Given records section start

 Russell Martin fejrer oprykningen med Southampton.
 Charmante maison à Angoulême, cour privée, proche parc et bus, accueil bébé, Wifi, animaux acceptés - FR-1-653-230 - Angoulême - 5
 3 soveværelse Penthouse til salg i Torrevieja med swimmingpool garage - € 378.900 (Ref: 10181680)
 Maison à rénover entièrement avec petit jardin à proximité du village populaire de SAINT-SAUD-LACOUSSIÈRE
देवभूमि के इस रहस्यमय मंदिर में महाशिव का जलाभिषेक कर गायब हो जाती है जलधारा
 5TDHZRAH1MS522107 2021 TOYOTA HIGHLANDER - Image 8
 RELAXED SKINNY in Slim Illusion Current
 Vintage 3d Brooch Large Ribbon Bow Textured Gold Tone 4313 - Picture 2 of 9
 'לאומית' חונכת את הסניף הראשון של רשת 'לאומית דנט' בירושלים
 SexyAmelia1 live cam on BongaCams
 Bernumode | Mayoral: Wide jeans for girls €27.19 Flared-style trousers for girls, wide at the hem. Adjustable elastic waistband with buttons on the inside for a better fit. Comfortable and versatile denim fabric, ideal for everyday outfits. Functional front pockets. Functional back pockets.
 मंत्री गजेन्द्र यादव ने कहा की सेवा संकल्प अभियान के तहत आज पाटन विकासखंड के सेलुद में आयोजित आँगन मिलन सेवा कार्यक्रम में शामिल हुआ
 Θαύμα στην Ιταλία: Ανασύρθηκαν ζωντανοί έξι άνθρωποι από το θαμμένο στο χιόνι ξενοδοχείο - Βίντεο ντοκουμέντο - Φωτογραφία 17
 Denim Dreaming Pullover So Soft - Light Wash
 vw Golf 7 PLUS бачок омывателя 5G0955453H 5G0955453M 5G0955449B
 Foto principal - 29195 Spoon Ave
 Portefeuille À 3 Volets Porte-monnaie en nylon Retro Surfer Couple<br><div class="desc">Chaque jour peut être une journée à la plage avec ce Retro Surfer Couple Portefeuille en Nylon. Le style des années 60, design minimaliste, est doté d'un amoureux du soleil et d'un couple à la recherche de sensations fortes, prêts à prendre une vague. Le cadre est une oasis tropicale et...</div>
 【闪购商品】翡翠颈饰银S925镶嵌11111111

Given records section end

Reproduce the lines from the one containing "vw Golf 7 PLUS" to the end of the entries, keeping both ends and adding nothing.

 vw Golf 7 PLUS бачок омывателя 5G0955453H 5G0955453M 5G0955449B
 Foto principal - 29195 Spoon Ave
 Portefeuille À 3 Volets Porte-monnaie en nylon Retro Surfer Couple<br><div class="desc">Chaque jour peut être une journée à la plage avec ce Retro Surfer Couple Portefeuille en Nylon. Le style des années 60, design minimaliste, est doté d'un amoureux du soleil et d'un couple à la recherche de sensations fortes, prêts à prendre une vague. Le cadre est une oasis tropicale et...</div>
 【闪购商品】翡翠颈饰银S925镶嵌11111111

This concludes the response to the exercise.